GamerTab
That was an excellent one.
Matialth
Good concept, poorly executed.
AshUnow
This is a small, humorous movie in some ways, but it has a huge heart. What a nice experience.
Kien Navarro
Exactly the movie you think it is, but not the movie you want it to be.
Kirpianuscus
it is one of words who could define it. because it is not exactly a film. but a sort of experience. eroticism, colors, poetry, steps and gestures and the water of a state out of definitions. a lovely story who must be created by the viewer. this is all. a poem. bizarre. fascinating. cruel. old fashion and modern at all. it is piece from a period who seems unrealistic to the young public. or eccentric. but it is only honest confession about dreams, fantasies, desires and truth behind taboos. in delicate manner. as eulogy to the male body. as escape from reality. as fresco from an ancient time who has the form of nostalgia and self definition.
Jeunes
PN is one of those films that even Roger Ebert runs across now and again that really defies categorization. It is a fantasy, a spectacle, a tour de force, an indulgences, a homoerotic cornucopia, idealized male sex.
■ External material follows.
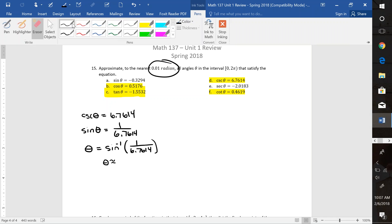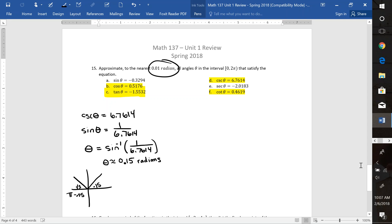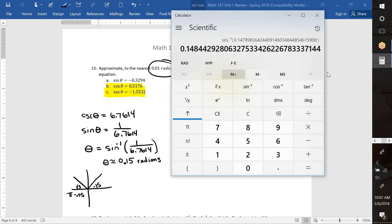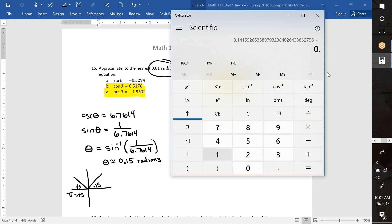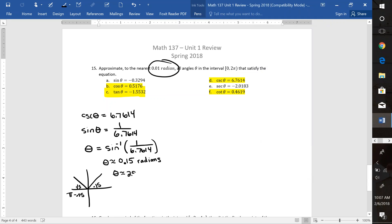Remember, that's in radians. Sine is positive with this reference angle of 0.15 here, and sine also has another angle with the same reference over in quad 2. To find that angle, you do π minus 0.15. π minus 0.15 is 2.99. So the other angle is 2.99 radians.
It's possible to see different emphases every time its viewed.Is it a precursor to Fellini's "Satricon"? To "Midnight Cowboy"? A youth, Bobby Kendall, in a romantic idyll who sees his grubby hustling trade on NYC's as a Roman bacchanal, a prancing matador. Does Bobby really see the world in which he lives or does he choose not to see it? The unanswered mysteries and questions this film raises, despite its last minute snatching from the hands of its creator, make it a Mona Lisa of filmdom. Even if you don't like it, you'll be intrigued by it and want to talk about it. That's why it's worth viewing.
desperateliving
I don't know why the rating for this is so low -- well, that's not true, I do know: it's arty, it's got no dialogue (we have radio weather forecasts in lieu of that), it's in grainy pink, and it doesn't have a story. But it is a successful glimpse into a gay dream, and a successful passing on of that experience -- and the title character, a wonderfully objectified youth, is the perfect gay ideal: pouty lips, messy brown hair, dark features, a fantastic and well-exploited rear, and a sculpted body. And he's unclothed for most of it, a Caravaggio boy.The film is a good example of ingenuity on the director's part -- it's a small-scale melodrama not unlike those of Guy Maddin, if Maddin was more lushly sensual and less manically comic. It's not a porno, but it is extreme gayness, and the mere essence of that is enough for some people to get it up. But regardless, it is very erotic; a number of scenes (stripping the boy's undies off, sucking his own fingers, slowly humping the ground in nature) push the right buttons. There are some inventive scenes, like the boy getting a beejay from a leather man swimming in a milky liquid (and then after that a urinal-fetish scene). I haven't seen "Un chant d'amour," so I don't know the degree to which this is influenced by Genet, but it does have its parallels to the Genet-inspired third of "Poison." 9/10
db7178
This production fits into the category of art more than it does video, film or cinema. It's not something you'd see at the theater at the mall; there's no dialogue, and there's no "story," or at least not one that fits neatly into our cinematic paradigm. Rather, this is an hour-or-so-long kaleidoscopic arrangement of sounds and colors and forms in the background and teasingly partial revelations of the male body in the foreground. The "art," in imitating life, leads us to Bobby Kendall narcissistically looking in a mirror, being a matador, flying and fantasizing. Actually, you could link Pink Narcissus to one category in our cinematic paradigm: Suspense. Viewers who like the male body will be in suspense for an hour, dying to see just another inch of Bobby Kendall's body.